- Author: Kathy Keatley Garvey
You’re in luck. Butterfly expert Art Shapiro, professor of evolution and ecology at UC Davis, will speak on “Butterflies in Illuminated Manuscripts and Renaissance Art--Homage to Vladimir Nabokov" at the LASER-UC Davis event from 7:25 to 7:50 p.m. on Monday, Dec. 2 in Room 3001, Plant and Environmental Sciences Building.
What’s LASER? The acronym stands for Leonard Art Science Evening Rendezvous. Basically, as the name implies, it integrates art and science.
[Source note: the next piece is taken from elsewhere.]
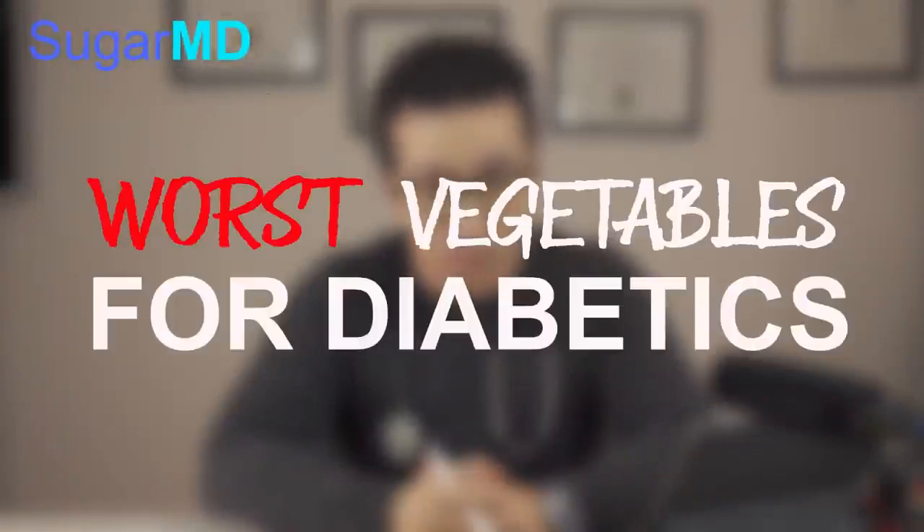Hi guys, this is Dr. Ahmet Ergin. I'm an endocrinologist and a diabetes educator. Today I am going to talk to you about the worst vegetables for diabetics.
The event begins at 6:30 p.m. with socializing and networking, continues with four speakers, and ends with a discussion and networking from 9 to 9:30. Organized and moderated by Anna Davidson, a doctoral candidate in the UC Davis Department of Plant Sciences, it is is free and open to all interested persons.
Vladimir Nabokov (1899-1977) was a Russian-born novelist best known for Lolita (1955) but he also made "serious contributions as a lepidopterist and chess composer," according to Wikipedia.
The schedule:
6:30-7 p.m.: Socializing/networking
7-7:25: Amy Franceschini, San Francisco area-based artist, speaking on “Excursions through Domains of Familiarity and Surprise”
7:25-7:50: Arthur Shapiro, professor, UC Davis Department of Evolution and Ecology, “Butterflies in Illuminated Manuscripts and Renaissance Art--Homage to Vladimir Nabokov"
7:50-8:10: BREAK. (During the break anyone in the audience currently working within the intersections of art and science will have 30 seconds to share their work).
8:10-8:35: Justin Schuetz, San Francisco Art Institute faculty member and director of conservation science for National Audubon Society, “Approximating Equations: Visual and Statistical Explorations of Truth”
8:35-9: Mary Anne Kluth, interdisciplinary artist based in San Francisco, “Narratives of Inquiry in a Contemporary Art Practice”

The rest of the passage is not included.